# Star Ocean 4, Infinite Undiscovery, exclusive to...XBox 360?



## Commonmind (Jun 10, 2008)

I thought this was interesting. I was expecting Star Ocean 4 to come to the PS3. This may be a move on SE's part to generate some interest for the 360 within the Japanese market -- something we've seen before from developers with a lot of weight in the industry.

Whatever their motivation, it's definitely surprising. I'm curious to see the reaction from fans of the series who are likely PS3 owners and who've purchased their systems believing they were making a safe choice where their JRPG franchises were concerned.

Me, I'm actually a bit happy that I'll finally be buying something else for my 360 -- besides Rock Band tracks.

Star Ocean 4 currently Xbox exclusive, Last Remnant delayed on PS3 - PS3 Fanboy


----------



## Sephiroth (Jun 10, 2008)

Have you played the previous three, CM?  What do you think of them?



My friend bought one of them, but she didn't really get into it.



As for this, well, yeah, it'll probably annoy some PS3 owners, but I can see why they would want to do it.  Two baskets for their eggs, and all that.......


----------



## Commonmind (Jun 10, 2008)

Indeed. 

And I've played them all and am quite a fan. The second game was probably the first really challenging RPG I played for the PSX, with an extra dungeon that would make grown men cry (and in fact did, on several occasions). They're not the most accessible of games, I admit, and that may be why some people have trouble picking them up.

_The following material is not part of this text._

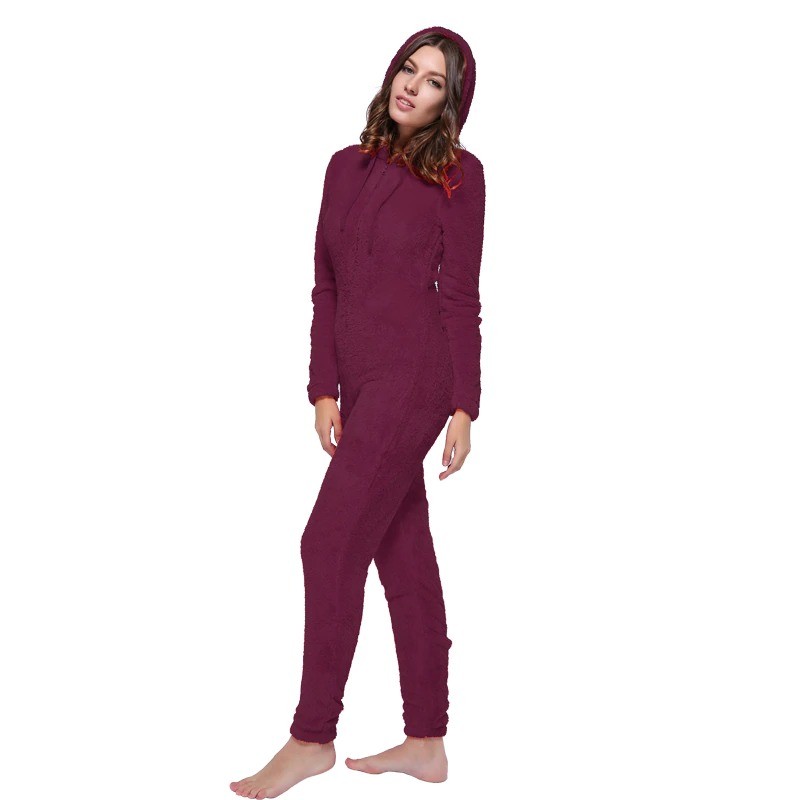 One piece pyjama - fluffy fleece warm jumpsuit - with hood / zipper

It's not just the difficulty, but the way in which the stories are told -- they're a little eccentric and quirky -- and not always in a good way.


----------



## Sephiroth (Jun 10, 2008)

Right.  Yeah, that was her problem, she never really got into the story, but she would be the first to admit that she didn't try all that hard...I think she was expecting it to grab her at the outset (the way the FF games did for her), and whisk her along on a rollercoaster ride of fun, fun, fun........ 


I thought the game looked interesting, but she sold it before I could ask to borrow it for a while.  

Despite the way the stories are told, you did end up liking them, I take it?



And that dungeon sounds _sweeeet_, that's just the sort of challenge I crave.  Much as I love these games (and I'm speaking mainly about FF here, since that's where most of my experience lies), I always find the storyline gameplay too easy (with the odd exceptional fight, like Evrae or Seymour on Mt. Gagazet in X).  Okay, that's mainly because I no longer play through them under-levelled the first time (because I no longer know if I'll have the time to exhaust a game _twice_), but still.......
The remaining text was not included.